▸ **ABOUT THIS EXERCISE**
Nothing but the lines below from the one holding "Volvo Front bumper" up to and including the one holding "Dell İnspiron N5010" should be copied, exactly and without pictures.

▸ **THE RECORDS**
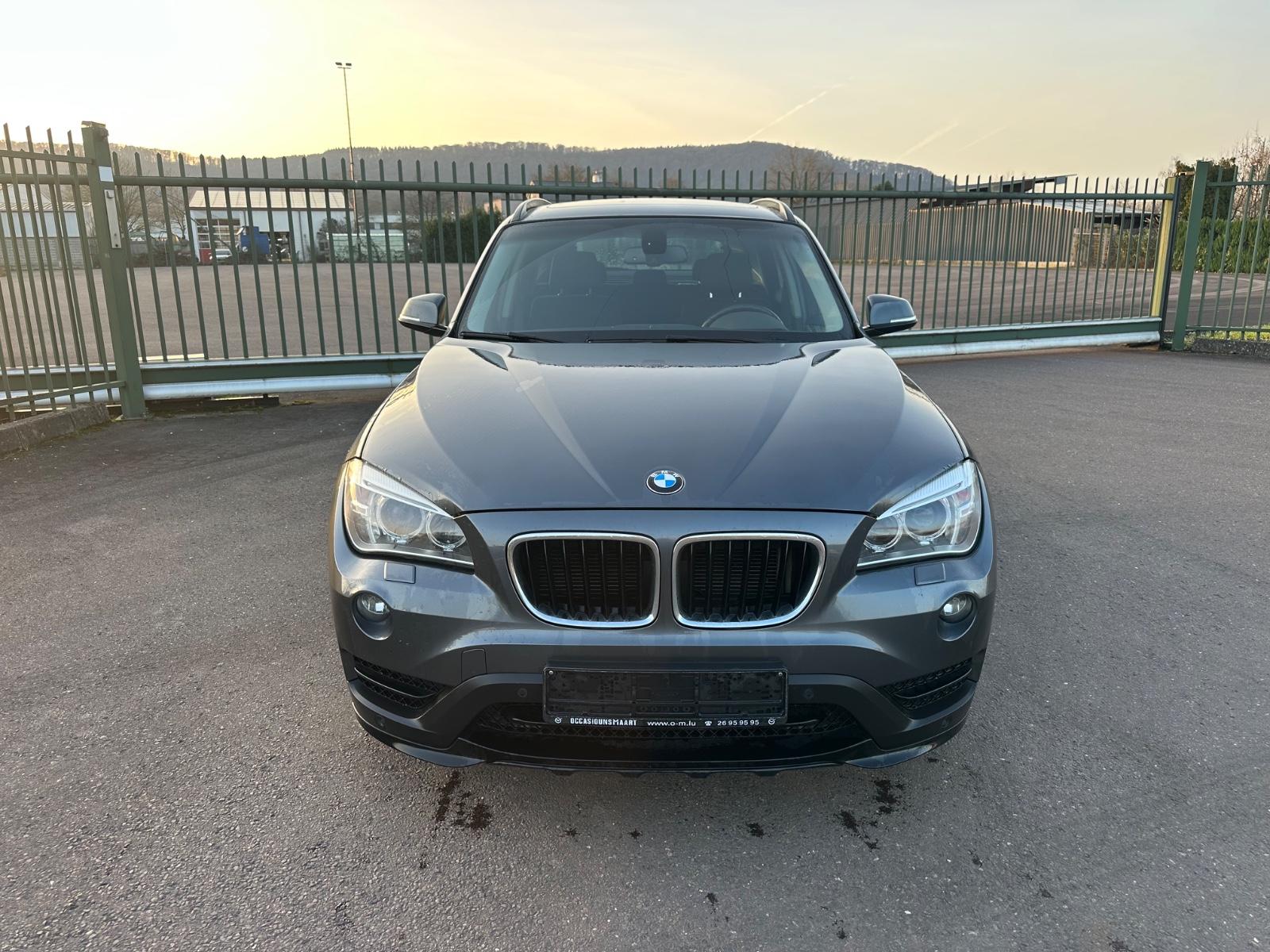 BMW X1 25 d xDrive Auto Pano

...

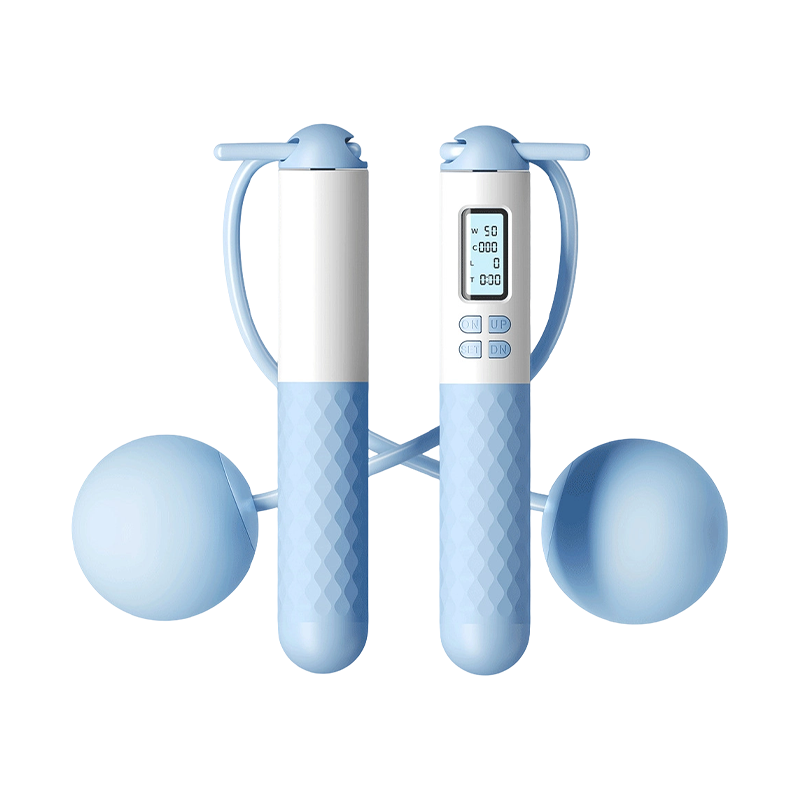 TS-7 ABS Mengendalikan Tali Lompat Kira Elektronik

==

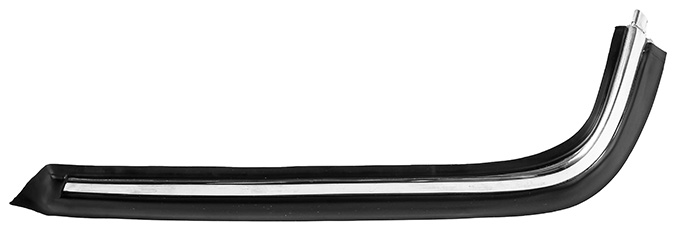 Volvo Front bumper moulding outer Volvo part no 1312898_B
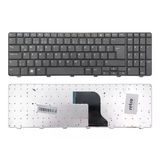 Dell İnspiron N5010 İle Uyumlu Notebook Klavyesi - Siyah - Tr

▸ **RESPONSE TO THIS EXERCISE**
 Volvo Front bumper moulding outer Volvo part no 1312898_B
 Dell İnspiron N5010 İle Uyumlu Notebook Klavyesi - Siyah - Tr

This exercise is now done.